The three-day Council meeting, the first to be held since governments endorsed the new GEF-7 strategy and the accompanying $4.1 billion replenishment of its trust fund, approved various measures to further improve the GEF’s efficiency, accountability and transparency.

This includes new policy procedures to speed up the preparation, endorsement, implementation, and closure of projects, and, among other things, new policies to improve access to information, and an updated policy on environmental and social safeguards throughout the GEF project and programme cycle.

The Council received reports from the GEF’s Scientific and Technical Advisory PanelIndependent Evaluation Office, and held discussions on GEF’s relations with multilateral environmental agreements, the GEF-7 Non-Grant Instrument Programme, and options for responsible investment of funds in the GEF Trust Fund.

Following the well-received special session on gender at this year’s Civil Society (CSO) Forum, the Council decided that plastics management to avoid pollution would be the topic for the CSO consultation at the 56th GEF Council meeting in June 2019.

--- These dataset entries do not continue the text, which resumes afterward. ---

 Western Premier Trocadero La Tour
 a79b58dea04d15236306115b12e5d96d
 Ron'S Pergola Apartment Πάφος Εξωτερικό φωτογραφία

Immediately following the 55th GEF Council, a meeting of the 25th Least Developed Countries Fund (LDCF) / Special Climate Change Fund (SCCF) Council was held. The first work programme in GEF-7 for LDCF, consisting of six projects and requesting a total of $45.85 million, was approved.

In a demonstration of growing support for adaptation efforts by some of the most vulnerable countries to the impacts of climate change, the following pledges were announced by council members on behalf of their governments.  

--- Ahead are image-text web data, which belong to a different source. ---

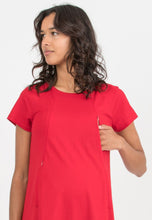 Laden Sie das Bild in den Galerie-Viewer, Umstandsmode, Schwangerschaftsmode, Stillmode, Brautkleider für Schwangere, Umstandshosen, Umstandsjeans, Umstandsoberteile, Stilloberteile, Bademode für Schwangere, BH für Schwangere, Still BH, Stillbustier, chic + schwanger, festliche Umstandsmode, festliche Mode für Schwangere, Tragejacke, Softshelljacke für Schwangere, Tragejacke mit Babyeinsatz, Umstandsleggings, Brautkleider mit Stillöffnung, festliche Umstandsmode zum Stillen, schick schwanger, Bussinesmode für Schwangere, Stillkleidung, Babybauch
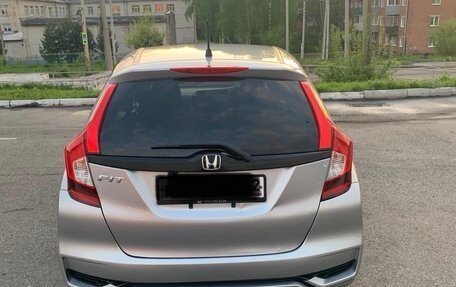 Honda Fit III, 2019 год, 1 450 000 рублей, 5 фотография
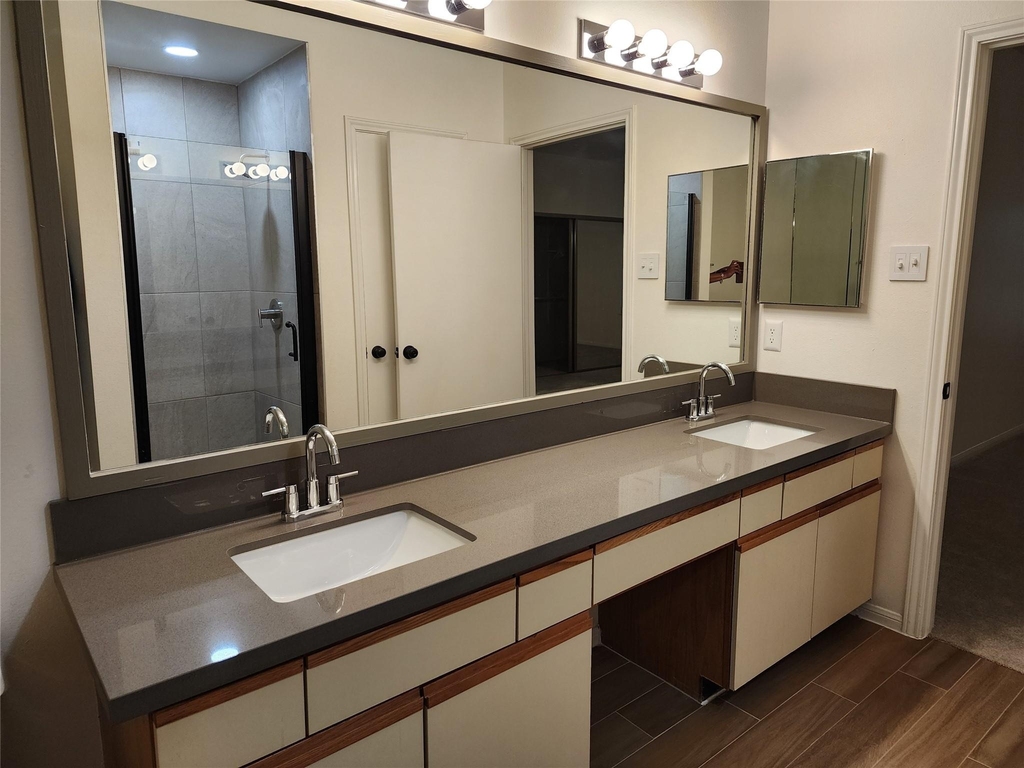 3130 Holly Hall Street - Photo 11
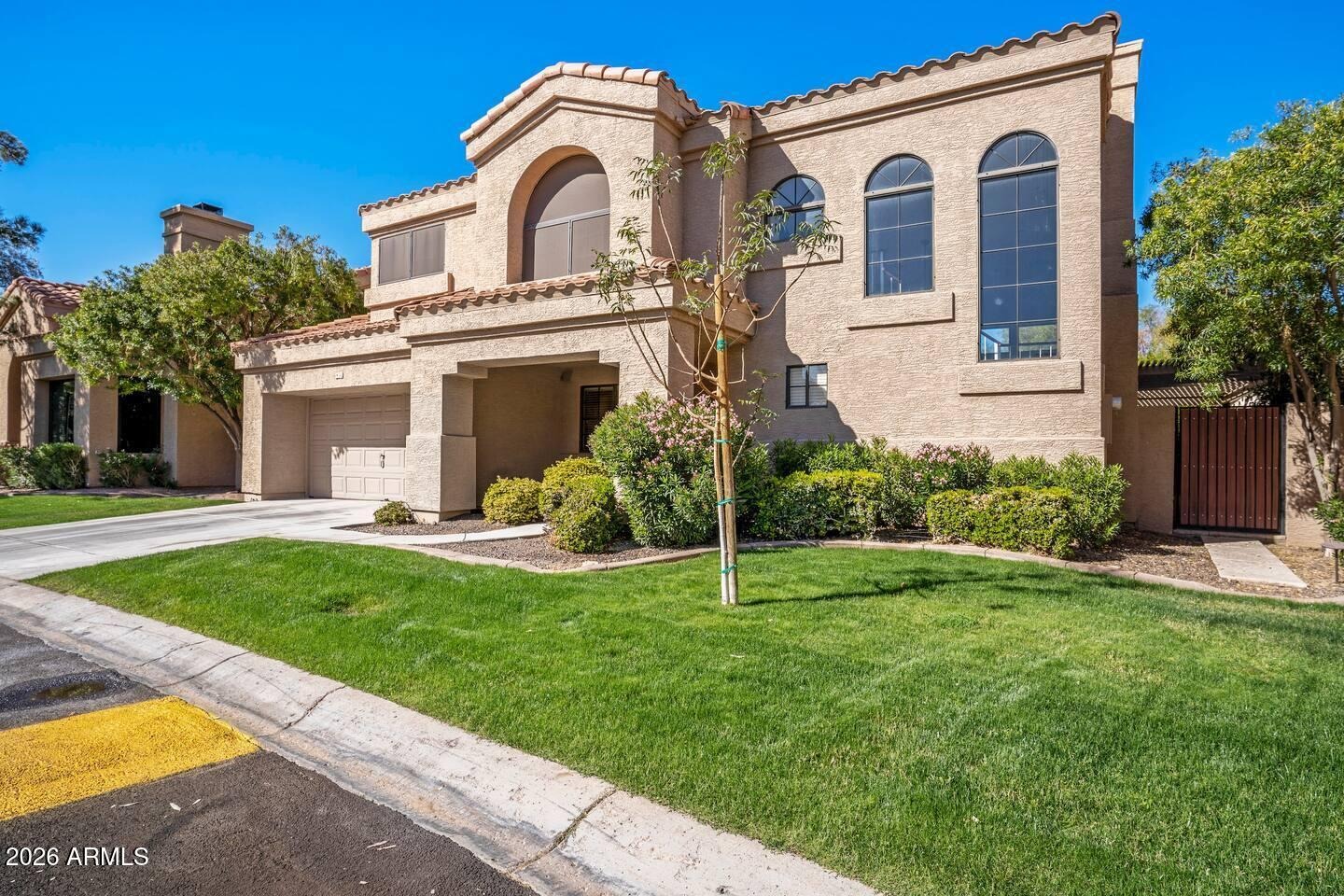 Sarah Ln, Tempe, AZ 85284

For LDCF: Belgium, Walloon Region (€2.9 million), Denmark (Kr.150 million), Finland (€2 million), France (€20 million), and The Netherlands ($9.1 million). Switzerland announced a commitment of $13.25 million over four years to the LDCF and SCCF, with 75% going to the LDCF. Sweden highlighted its contribution of kr135 million to LDCF in 2018. Germany will finalise its contribution payments of €25 million before the end of the year.

Work Programme

Specific projects include: the long-term conservation and management of critical and threatened sites and species along the globally important East Asia-Australasian Flyway, by establishing a robust, resilient, and well-managed network of protected wetlands for endangered migratory water birds in China; transforming Sharm El Sheikh in Egypt into a sustainable tourism city by a whole host of measures including promoting low-carbon urban development, renewable energy generation, better waste management and recycling, and protecting the sea and coastal areas; and tackling substantial and alarming environmental degradation from pollution and overfishing in Africa’s Lake Victoria.

Two projects in Chile will support decarbonisation by fostering deployment of district energy systems which can cut emissions by 90 per cent and improve catching and management practices in fisheries over 1.7 million hectares of sea. Another two, in Turkey, will promote replacing persistent organic pollutants with environmentally sound alternatives in its extruded and expanded polystyrene foam industries and increasing the use of wood in buildings, thus reducing the embedded carbon content of construction materials.

Two more will tackle mercury pollution in Mexico and Argentina, while a regional project in Central Asia will assess and address the impact of climate change on glaciers in Kazakhstan, Turkmenistan and Tajikistan. The last project represents the first half of an allocation of $128 million under GEF-7 for the Small Grants Programme to provide grants to civil society and community-based organisations tackling global environmental issues in 107 countries.